I have seen a couple of recommendations.  I am using LR 4.1 RC2 and I have Elements 9 on Mac.  I have rarely used Elements since switching to LR over a year ago.  However there is one thing LR does not have (and I was REALLY, REALLY hoping LR 4 was going to have) and that is the content aware healing brush.  That is the only thing I ever need to go to Elements for.  
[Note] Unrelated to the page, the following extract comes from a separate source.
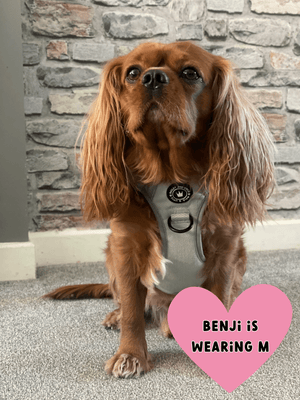 small dog wearing harness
This is sort of a workflow question as well.  At what point should  I go to Elements and back?  I have been doing all the basic development and then.  Better suggestion?


----------



## clee01l (May 29, 2012)

I would post process everything that can be done in LR.  Then, once LR's capabilities have been exhausted, call the Edit-In function in LR to finish the derivative in PSE.


----------



## b_gossweiler (May 29, 2012)

clee01l said:


> I would post process everything that can be done in LR.  Then, once LR's capabilities have been exhausted, call the Edit-In function in LR to finish the derivative in PSE.



Same here.

Beat


----------



## Hal P Anderson (May 29, 2012)

Me, too.

Hal


----------



## donoreo (May 29, 2012)

For the most part, that is what I end up doing as I often do not need to do anything other than the basic.  I do find it annoying really that I have to go to Elements for that one thing.


----------